Trade flows are likely to remain weak in 2015. Since the global financial crisis, global trade has slowed significantly, growing by less than 4 percent in 2013 and 2014, well below the pre-crisis average growth of 7 percent per annum. The slowdown is partly due to weak demand and to what appears to be lower sensitivity of world trade to changes in global activity, finds analysis in the report. Changes in global value chains and a shifting composition of import demand may have contributed to the decline in responsiveness of trade to growth.
Commodity prices are projected to stay soft in 2015. As discussed in a chapter in the report, the unusually steep decline in oil prices in the second half of 2014 could significantly reduce inflationary pressures and improve current account and fiscal balances in oil-importing developing countries.
“Lower oil prices will lead to sizeable real income shifts from oil-exporting to oil-importing developing countries. For both exporters and importers, low oil prices present an opportunity to undertake reforms that can increase fiscal resources and help broader environmental objectives,” said Ayhan Kose, Director of Development Prospects at the World Bank.
Amongst large middle-income countries that will benefit from lower oil prices is India, where growth is expected to accelerate to 6.4 percent this year (from 5.6 percent in 2014), rising to 7 percent in 2016-17. In Brazil, Indonesia, South Africa and Turkey, the fall in oil prices will help lower inflation and reduce current account deficits, a major source of vulnerability for many of these countries.
However, sustained low oil prices will weaken activity in exporting countries. For example, the Russian economy is projected to contract by 2.9 percent in 2015, getting barely back into positive territory in 2016 with growth expected at 0.1 percent.
In contrast to middle-income countries, economic activity in low-income countries strengthened in 2014 on the back of rising public investment, significant expansion of service sectors, solid harvests, and substantial capital inflows. Growth in low-income countries is expected to remain strong at 6 percent in 2015-17, although the moderation in oil and other commodity prices will hold growth back in commodity exporting low-income countries.

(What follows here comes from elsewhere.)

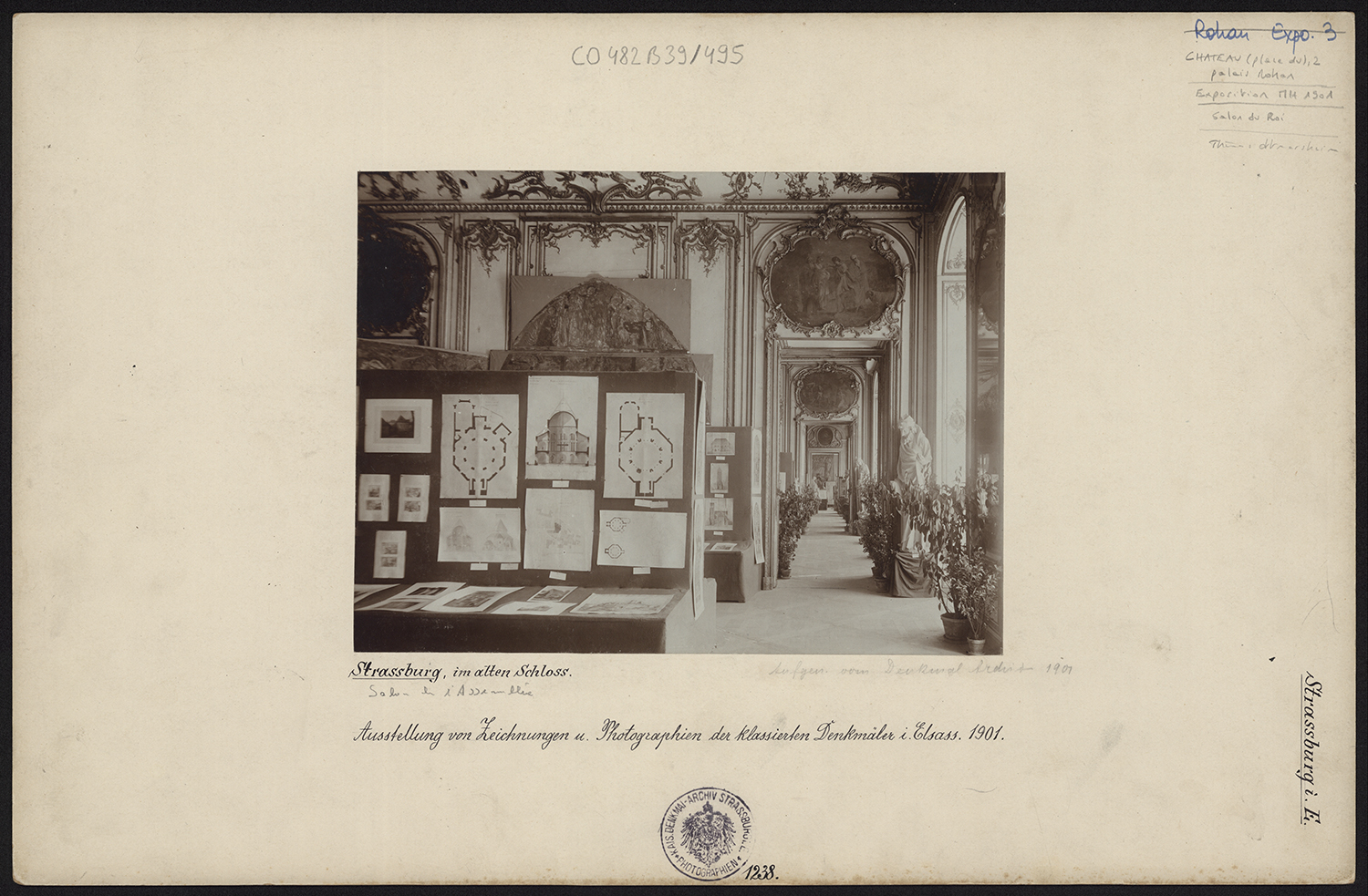 Vue d’ensemble de l’exposition de 1901 relative aux monuments historiques dans la chambre du roi (salle consacrée à Ottmarsheim).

“Risks to the global economy are considerable. Countries with relatively more credible policy frameworks and reform-oriented governments will be in a better position to navigate the challenges of 2015,” concluded Franziska Ohnsorge, Lead Author of the report.
The East Asia and Pacific region continued its gradual adjustment to slower but more balanced growth. Regional growth slipped to 6.9 percent in 2014 as a result of policy tightening and political tensions that offset a rise in exports in line with the ongoing recovery in some high-income economies. The medium-term outlook is for a further easing of growth to 6.7 percent in 2015 and a stable outlook thereafter, reflecting a gradual slowdown in China, which will be offset by a pick-up in the rest of the region in 2016-17. In China, structural reforms, a gradual withdrawal of fiscal stimulus, and continued prudential measures to slow non-bank credit expansion will result in slowing growth to 6.9 percent by 2017 (from 7.4 percent in 2014). In the rest of the region, excluding China, growth will strengthen to 5.5 percent by 2017 (from 4.6 percent in 2014) supported by firming exports, improved political stability, and strengthening investment.
Growth in developing Europe and Central Asia is estimated to have slowed to a lower-than-expected 2.4 percent in 2014 as a sputtering recovery in the Euro Area and stagnation in Russia posed headwinds. In contrast, growth in Turkey exceeded expectations despite slowing to 3.1 percent. Regional growth is expected to rebound to 3 percent in 2015, 3.6 percent in 2016 and 4 percent in 2017 but with considerable divergence. Recession in Russia holds back growth in Commonwealth of Independent States whereas a gradual recovery in the Euro Area should lift growth in Central and Eastern Europe and Turkey. The tensions between Russia and Ukraine and the associated economic sanctions, the possibility of prolonged stagnation in the Euro Area, and sustained commodity price declines remain key downside risks for the region.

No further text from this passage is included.